Government Printing Office Is Churning Out Less Paper
The government is saving money by offering more online services. But some worry that seniors and other without access to the Internet are being left behind.
LINDA WERTHEIMER, HOST:
The government is often dismissed as nothing but paper-shuffling bureaucrats, but in reality, there's a lot less paper being shuffled these days. Far fewer copies of the federal budget came off government presses this week, just one example of how Washington is trying to wean itself off paper and to online distribution of information.
Of course, this being Washington, this is not without controversy, as NPR's Brian Naylor reports.
BRIAN NAYLOR, BYLINE: The Government Printing Office is an imposing New Deal-era edifice, a few blocks from the U.S. Capitol.
(SOUNDBITE OF PRESS MACHINES)
NAYLOR: The presses that are rolling here on the fourth floor are currently printing an appendix to the Federal budget. The GPO's Jim Bradley says a lot of the paperwork we associate with the government originates here.
JIM BRADLEY: So, these are the same presses we use to print the Federal Register the Congressional Record. We've done some tax forms on them over the years.
NAYLOR: The Government Printing Office celebrated its 153rd birthday this week. It opened the same day Abraham Lincoln was first inaugurated president.
DAVITA VANCE-COOKS: My name is Davita Vance-Cooks, and I am the public printer of the United States.
NAYLOR: As public printer, Davita Vance-Cooks oversees the GPO. On her wall, there's a portrait of Benjamin Franklin, who she calls the patron saint of public printers. Vance-Cooks is the 27th Public Printer, the first who is not white or male. She's proud of the role her agency has had in U.S. history.
VANCE-COOKS: We've printed just about every important document of the nation, starting, of course, with the Emancipation Proclamation, which was a document that pretty much changed the world - all of those documents that have, in fact, shaped the history of the nation.
NAYLOR: Now, the GPO prints everything from passports, to National Park brochures, to immigration documents, to tax forms. But it's printing much less than it used to. Take the budget. The GPO used to print some 130,000 copies of the annual spending plan. But this year, just 25,000 copies rolled off the presses here. The GPO also distributed it on CDROMS, posted it online and on an app, transforming into what Vance-Cooks calls a leaner, more agile organization.
VANCE-COOKS: Once upon a time, about 20 years ago, we had almost 6,000 employees. Today, we have about 1,900. And what you see is a change in skillsets, too, because the equipment that we now have is more digital.

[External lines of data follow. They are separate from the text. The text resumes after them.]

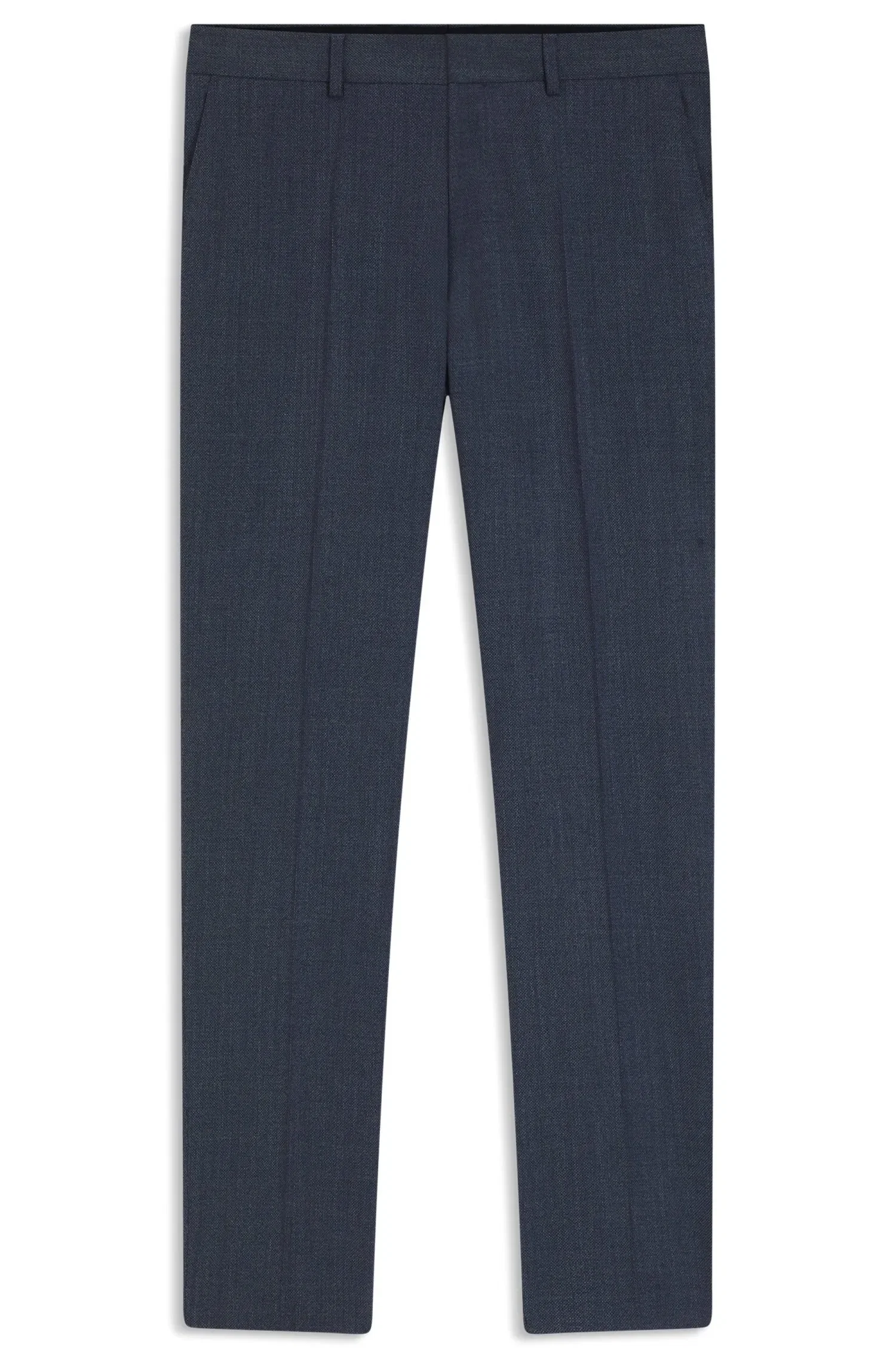 Calça Slim Fit Em Lã Elástica Com Micropadrão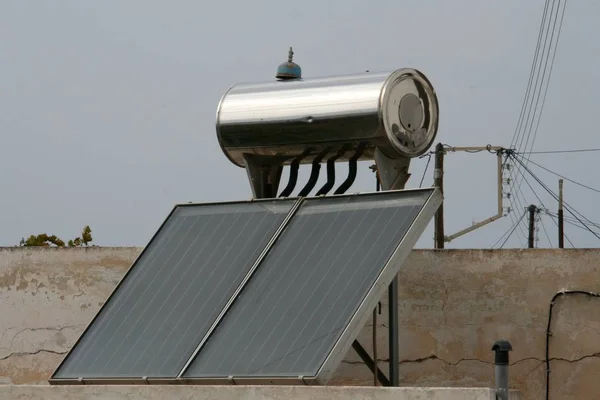 Solaranlage Auf Dem Haus Naoussa — Stockfoto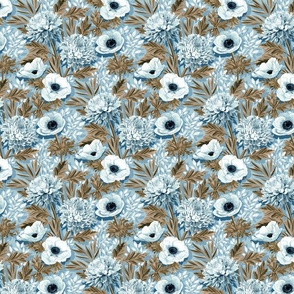 Anemones and 'Mums in Ice Blue and Brown - small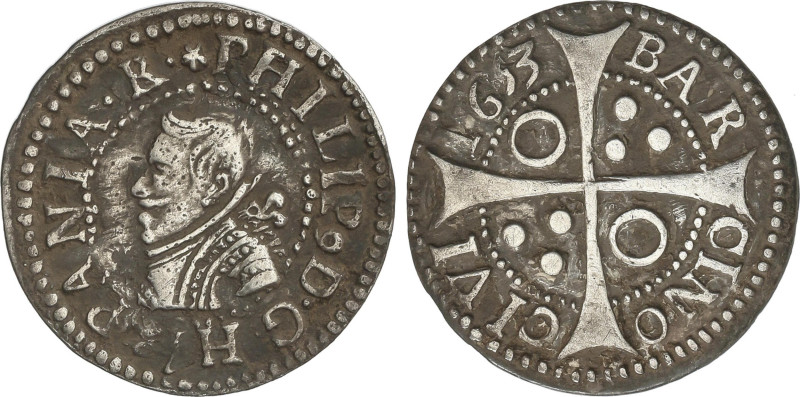 Spanish Monarchy
Croat. 1653. BARCELONA. Rev.: Anillos en 1/4. 2,57 grs. AC-667...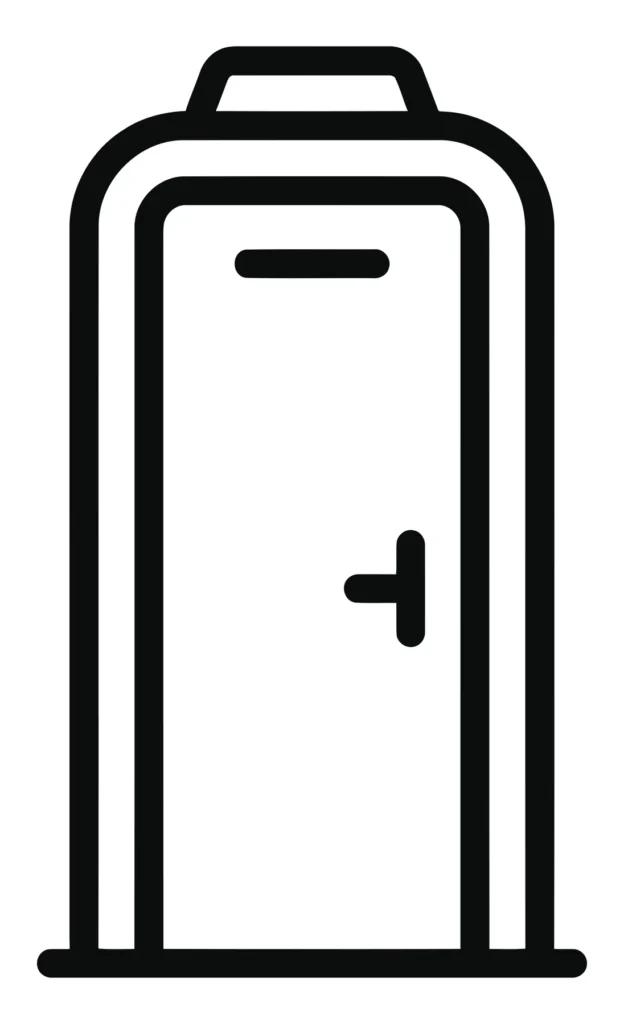 vector icon of a portable toilet or restroom stall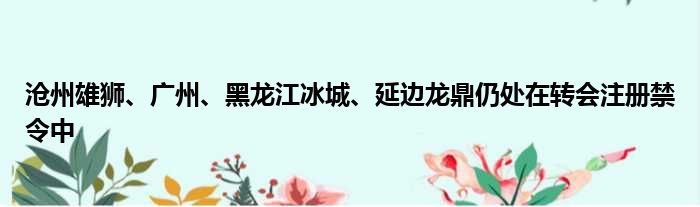 沧州雄狮、广州、黑龙江冰城、延边龙鼎仍处在转会注册禁令中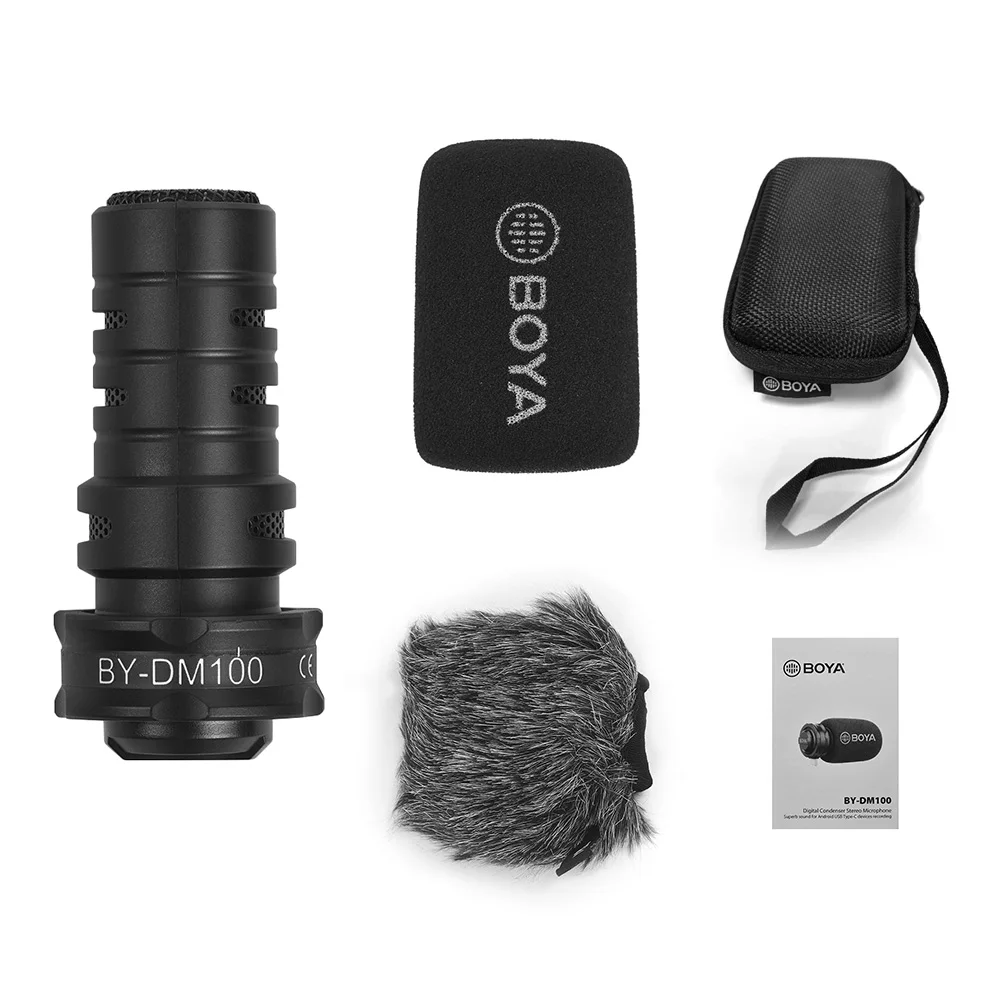 

BOYA BY-DM100 Superb Sound Digital Stereo Cardioid Condenser Microphone Mic for Android USB Type-C Devices Recording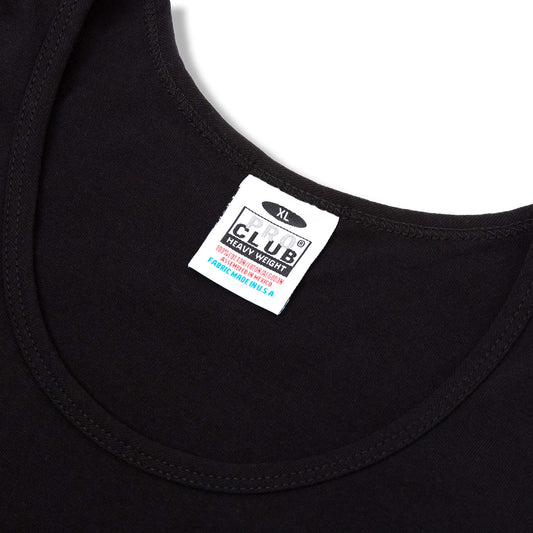 PROCLUB 6.5oz Heavyweight Tank Top in Black — Collar and Neck Label Detail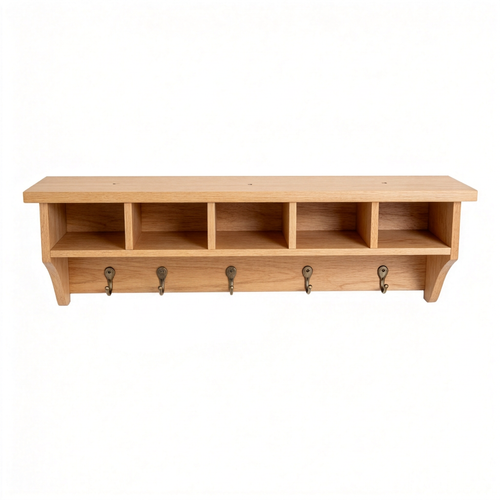Empty wall coffee organizer with five cubbies and five hooks on white background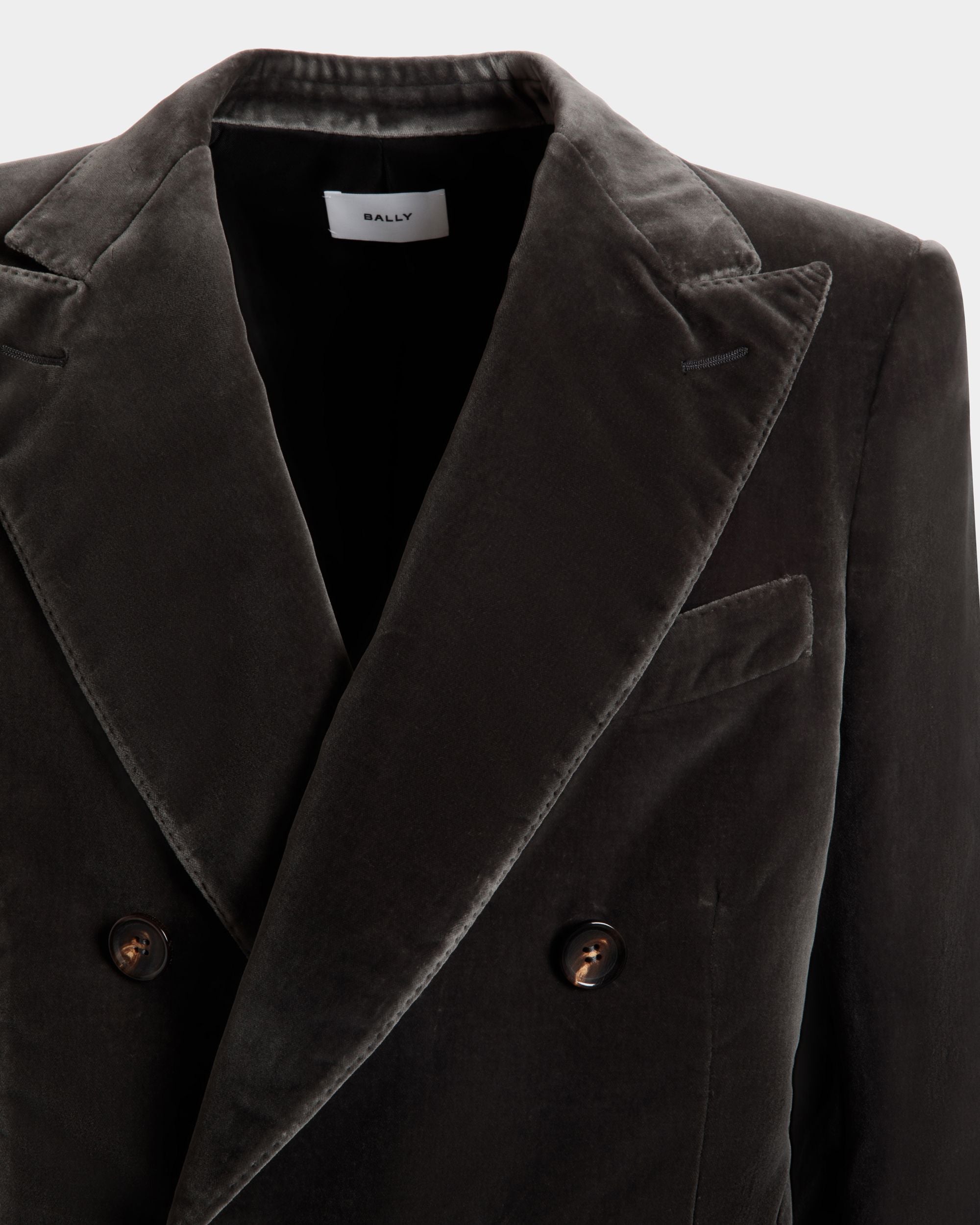 Bally Global - Double-breasted Coat in Grey Velvet - Grey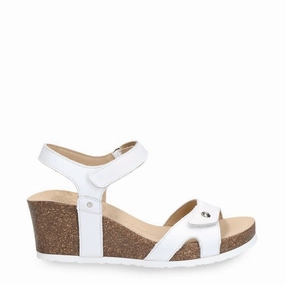 Sleek Choice Women's Julia B1 Wedge White Leather Sandals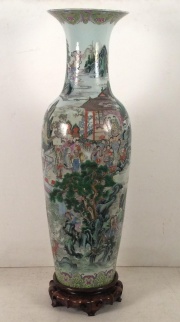 Vaso alto porcelana china, Restaurado. base madera. -4 -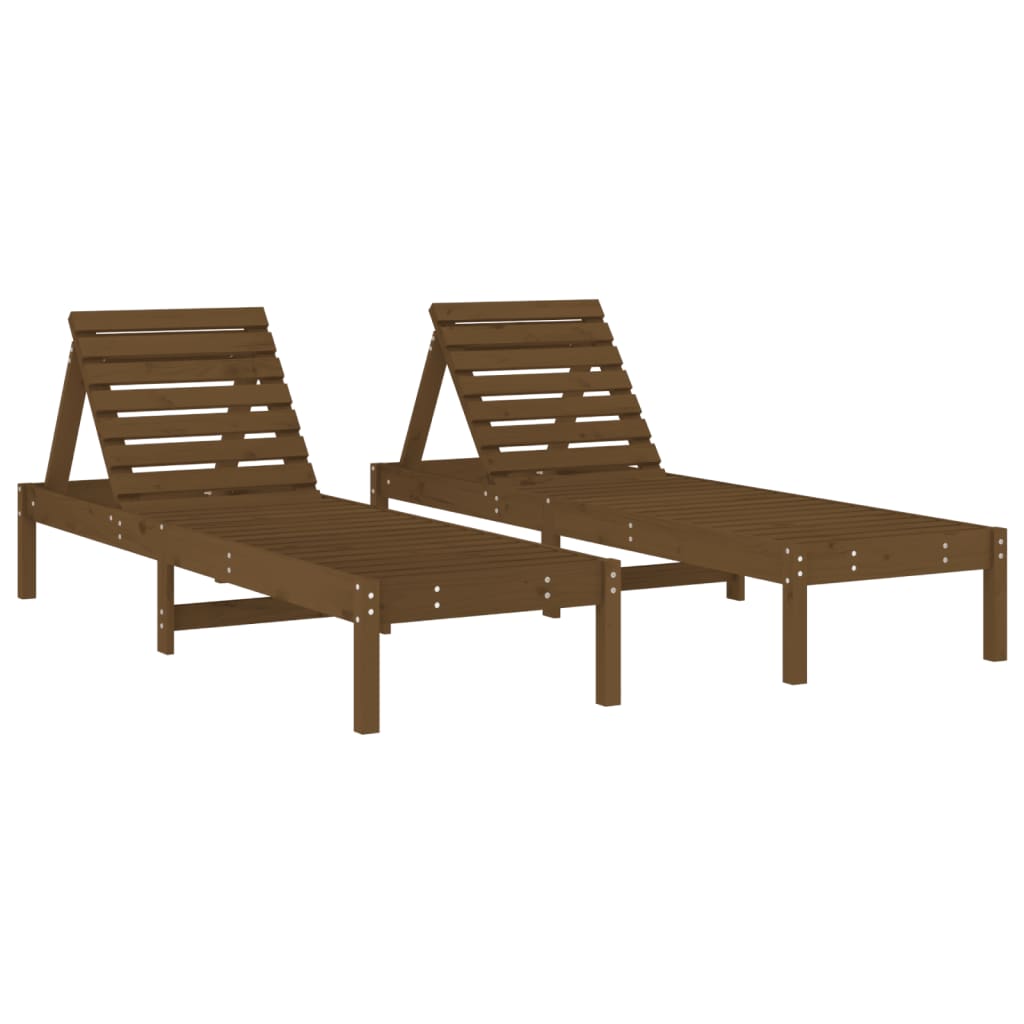 Tumbonas Con Mesa 2 Uds Madera Maciza De Pino Marrón Miel_2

NAYLOR: A similar transition is taking place throughout the bureaucracy, as more government paperwork becomes digitized and goes online. Paper Social Security checks, for instance, are a thing of the past for all but a small number of recipients. Everyone else gets theirs deposited directly into their banks. The vast majority of Americans file their taxes online. The government says it saved some $64 million last year on paper, and that's led to some pushback.
Consumers for Paper Options is a paper industry-backed group that says the government is moving too quickly to trash paper. John Runyan is the group's director.
JOHN RUNYAN: We've got some 25 percent of the American public not online at home, 45 percent of seniors don't own computers, and millions of others are simply not comfortable with technology. We don't want to turn back the clock on technology or efficiency. We simply want to preserve access to non-digital formats, particularly for important government information services, for those who still need them.
NAYLOR: Public Printer Davita Vance-Cooks says the GPO will never become 100 percent digital, and will always accommodate those who want paper documents. But with an eye on the future, she points to a Senate bill that would change the name of her tradition-steeped agency from the Government Printing Office to the Government Publishing Office.